“2017, the year of fewest market correction,” -Business standard in it’s THE SMART INVESTOR page on 26th September 2017.
Stating in one of its paragraphs “To put it in perspective, the year 2007, the peak of the bull market for global equities, the Nifty and the Dow had 41 & 30 trading sessions, respectively, of one percent or more decline.” It states that Benchmark Nifty has posted declines of over 1% only on six occasions this year. It, in one of its paragraph, shows the concern about the low volatility that existed the world over and it again justifies it by saying that, this year there is lack of big uncertainties among other reasons.
“Current fall, a healthy correction, say, experts.” -Headlines on the Market Watch page of Businessline, page 11, Chennai edition.

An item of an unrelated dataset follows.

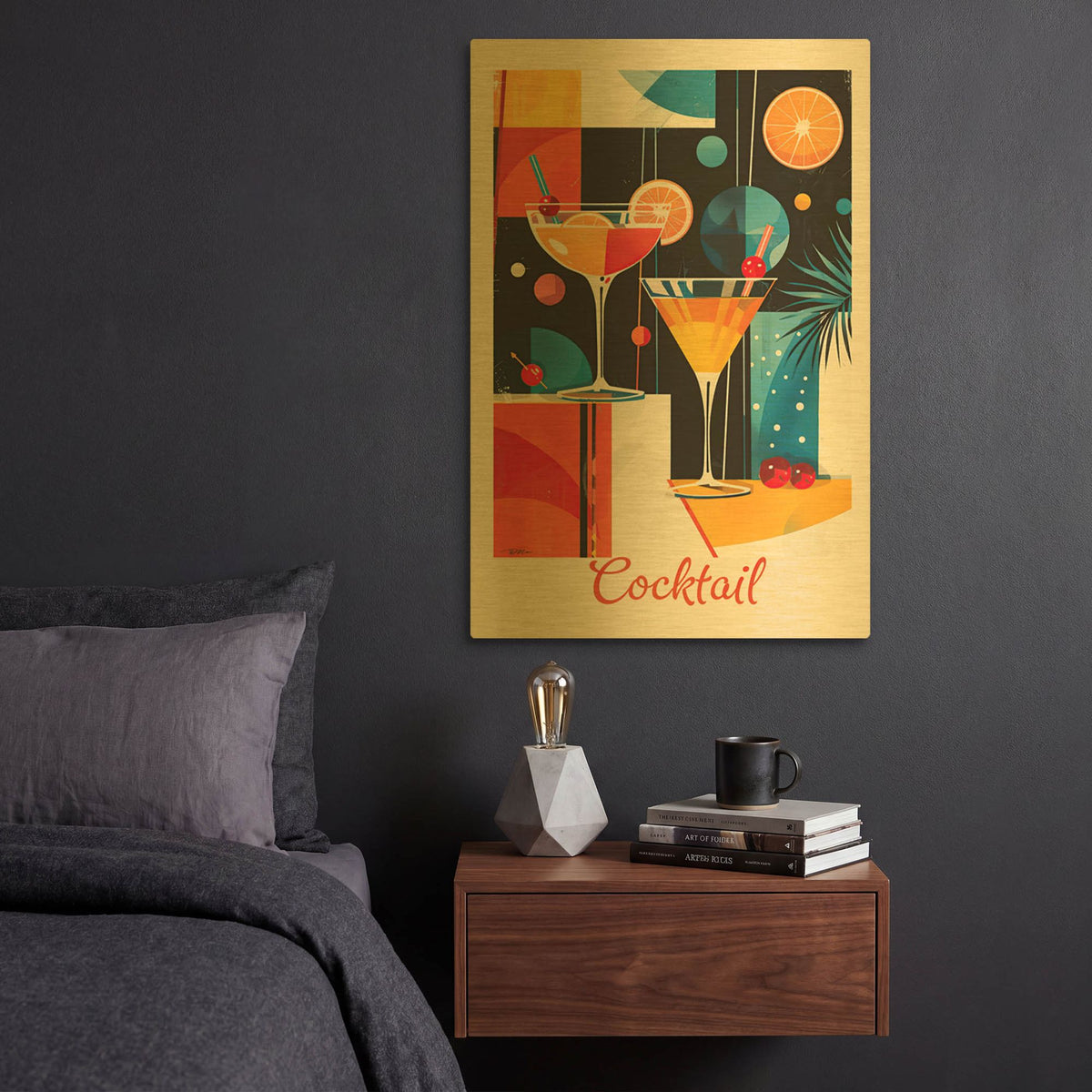 'Vintage Abstract Cocktail Poster 1' By Momart Gold Metal Wall Art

The opinions expressed in this article inspires a lot of confidence and optimism in the current stage of the bull market. However, in the last paragraph of the article, it states that the FII’S have sold approximately Rs.20,700 crores of stocks and the DII’s has brought approximately Rs.26,000 crores of stock in the month of August & September till date. The mutual fund industry which has almost all the retail participation is one of the biggest investors at this stage.
Apparently, as per bulletins, there is a lot of optimism in the market as of now. Although, I believe that this outlook of the same media might turn around at the end of the correction as mentioned below.
Nifty Futures as mentioned yesterday, the 5- wave up move which started from 26 Dec 2016 looks complete and 3-wave correction is in progress. This correction may take some more weeks to complete and should retrace more below 9710 and possibly up to 9527 level where it fills the two gap up openings in the daily chart and also reaches to the wave-4 territory of the previous 5-wave advance.The detailed chart is posted in my yesterday’s posting.
I have not suggested any positional trade yet and am looking for a bounce up to 9980 – 10015 levels for creating a short position with an all-time top at 10189 with a stop loss for the targets mentioned in the previous paragraph.
The day traders can Buy Nifty Futures above 9905 with a stop loss of 9878 for a target price of 9969 -9980 levels and sell it below 9859 with a stop loss of 9906 for the target of 9801 – 9792 levels.